Helen: It’s the skills and the knowledge. You also said it’s not predicting the future. It’s the present and maybe the immediate future.
Dean Schillinger: That’s right. It’s not predicting the future although I could say the absence of it will certainly predict the future. If you don’t have shared meaning, I guarantee there isn’t going to be any adherence to the treatment plan or whatever because it’s in one ear and out the other.
Helen: Shared meaning alone won’t commit to adherence.
Dean Schillinger: No. It sets you up. It sets you up well to say, “Let’s take that shared meaning, make sure we have a therapeutic alliance where you and I trust each other and make sure we’re going to cross the finish line together.”
Ultimately it’s in the hands of the patient and the family living in their home and community to decide and to have the resources to do what we hope they can do.
It’s certainly not a guarantee, but I can say it’s a sine qua non, meaning if you don’t have it you’re not likely to cross the finish line.
Helen: Thanks for that. I’ve never had as in depth a conversation about the meaning of teach-back. Often I focus on the how-to, but I’m thinking that a lot of the Health Literacy Out Loud listeners would like to hear from you some of the how-tos about teach-back.
Dean Schillinger: First of all, let me just make a couple of preface points.
One is that, in our work that we did over a decade ago, we showed that primary care doctors used the teach-back with respect to any kind of new concept only 12% of the time, which is really low.
Those doctors that did use it had patients whose diabetes was better controlled, so there was a suggestion that maybe there’s something like a magic dust in the teach-back.
Until recently, that study had not been replicated, but I recently heard a presentation at one of the health literacy or health communication conferences about a year or so ago.
It was a presentation by a nurse who had studied certified diabetes educators who had taken care of 400 or 500 patients with diabetes and audiotaped their visits. They essentially duplicated the methods we did in our study.
The hypothesis there was that nurses, because of their excellent training in patient education and knowledge of the teach-back method, would apply it much more frequently than the primary care doctors in my study did.
Unfortunately, what she found was that less than 1% of the new concepts conveyed by the diabetes educator to the diabetes patient was accompanied by any form of teach-back, suggesting that we may know what the teach-back is but we’re not doing it. It may be because we don’t want to do it, we don’t know how to do it or we don’t think we’ve got time to do it.
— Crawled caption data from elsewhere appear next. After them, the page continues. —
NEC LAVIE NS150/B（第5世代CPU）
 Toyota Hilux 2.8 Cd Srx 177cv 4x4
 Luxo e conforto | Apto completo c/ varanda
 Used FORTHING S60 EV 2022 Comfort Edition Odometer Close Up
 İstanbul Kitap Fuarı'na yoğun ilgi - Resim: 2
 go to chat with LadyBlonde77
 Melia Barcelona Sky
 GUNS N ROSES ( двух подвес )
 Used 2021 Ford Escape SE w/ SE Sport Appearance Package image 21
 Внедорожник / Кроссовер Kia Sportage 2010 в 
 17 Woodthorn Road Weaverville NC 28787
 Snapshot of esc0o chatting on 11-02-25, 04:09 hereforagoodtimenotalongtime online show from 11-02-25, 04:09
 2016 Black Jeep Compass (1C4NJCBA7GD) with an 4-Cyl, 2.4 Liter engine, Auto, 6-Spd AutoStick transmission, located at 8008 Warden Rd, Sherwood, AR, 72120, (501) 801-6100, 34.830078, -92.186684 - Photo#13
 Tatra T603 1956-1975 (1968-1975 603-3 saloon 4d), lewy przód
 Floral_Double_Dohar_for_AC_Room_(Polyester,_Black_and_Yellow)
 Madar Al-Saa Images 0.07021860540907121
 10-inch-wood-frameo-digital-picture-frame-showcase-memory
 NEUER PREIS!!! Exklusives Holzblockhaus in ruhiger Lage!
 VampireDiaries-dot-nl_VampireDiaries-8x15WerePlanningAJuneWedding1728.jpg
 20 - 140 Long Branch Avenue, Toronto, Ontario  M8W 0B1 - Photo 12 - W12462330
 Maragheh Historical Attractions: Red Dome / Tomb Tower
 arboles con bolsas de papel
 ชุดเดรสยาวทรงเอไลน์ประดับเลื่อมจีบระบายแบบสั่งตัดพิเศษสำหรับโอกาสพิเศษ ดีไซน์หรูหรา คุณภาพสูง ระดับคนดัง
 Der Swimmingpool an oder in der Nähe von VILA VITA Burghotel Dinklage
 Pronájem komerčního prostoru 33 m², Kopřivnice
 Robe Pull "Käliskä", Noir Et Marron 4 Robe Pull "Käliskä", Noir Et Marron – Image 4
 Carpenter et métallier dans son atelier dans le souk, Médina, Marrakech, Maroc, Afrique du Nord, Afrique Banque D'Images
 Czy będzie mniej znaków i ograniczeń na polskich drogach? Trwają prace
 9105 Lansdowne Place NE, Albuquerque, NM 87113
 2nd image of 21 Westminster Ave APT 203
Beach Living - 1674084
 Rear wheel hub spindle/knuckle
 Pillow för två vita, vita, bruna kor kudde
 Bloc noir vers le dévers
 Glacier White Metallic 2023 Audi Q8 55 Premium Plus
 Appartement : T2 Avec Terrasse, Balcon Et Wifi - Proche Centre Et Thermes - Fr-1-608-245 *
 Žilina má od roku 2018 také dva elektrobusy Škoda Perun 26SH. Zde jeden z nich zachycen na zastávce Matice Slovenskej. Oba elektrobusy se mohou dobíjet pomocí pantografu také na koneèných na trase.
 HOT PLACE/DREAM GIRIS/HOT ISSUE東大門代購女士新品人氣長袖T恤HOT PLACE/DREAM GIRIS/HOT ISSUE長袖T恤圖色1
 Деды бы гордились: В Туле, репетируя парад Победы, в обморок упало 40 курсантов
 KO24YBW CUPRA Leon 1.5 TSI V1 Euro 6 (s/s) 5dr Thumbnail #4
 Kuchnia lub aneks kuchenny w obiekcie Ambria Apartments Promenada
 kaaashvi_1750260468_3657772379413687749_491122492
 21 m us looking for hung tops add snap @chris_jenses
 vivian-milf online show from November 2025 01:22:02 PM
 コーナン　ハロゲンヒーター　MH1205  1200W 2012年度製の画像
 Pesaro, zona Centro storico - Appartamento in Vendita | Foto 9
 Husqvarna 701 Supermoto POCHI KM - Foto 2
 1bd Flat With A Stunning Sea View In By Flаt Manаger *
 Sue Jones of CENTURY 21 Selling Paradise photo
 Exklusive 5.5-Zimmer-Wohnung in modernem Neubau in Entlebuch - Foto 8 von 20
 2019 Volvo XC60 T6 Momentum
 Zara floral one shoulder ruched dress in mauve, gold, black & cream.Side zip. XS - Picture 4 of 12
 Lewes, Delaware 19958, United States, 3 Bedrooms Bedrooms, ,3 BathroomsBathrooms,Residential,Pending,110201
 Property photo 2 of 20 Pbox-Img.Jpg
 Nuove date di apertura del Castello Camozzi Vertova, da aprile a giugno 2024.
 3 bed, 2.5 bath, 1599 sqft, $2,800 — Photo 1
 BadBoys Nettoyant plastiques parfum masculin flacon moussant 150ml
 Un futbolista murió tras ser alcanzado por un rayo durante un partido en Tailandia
Your question about how to do it is particularly important in light of that recent study.
Helen: Let’s get there, because that’s appalling. Ten years later, even though teach-back is kind of the buzz term, we’re really not doing it in all professions.
Let’s get to some of the how-tos. You brought up the issue of time too, so let’s get to the objections of this too.
Dean Schillinger: The first thing I want to say about the how-tos is the how-not-tos if I could. It’s not, “Have I been clear?” “Are we good?” “Any questions?” or, “Do we understand each other?”All of those are spitting in the wind.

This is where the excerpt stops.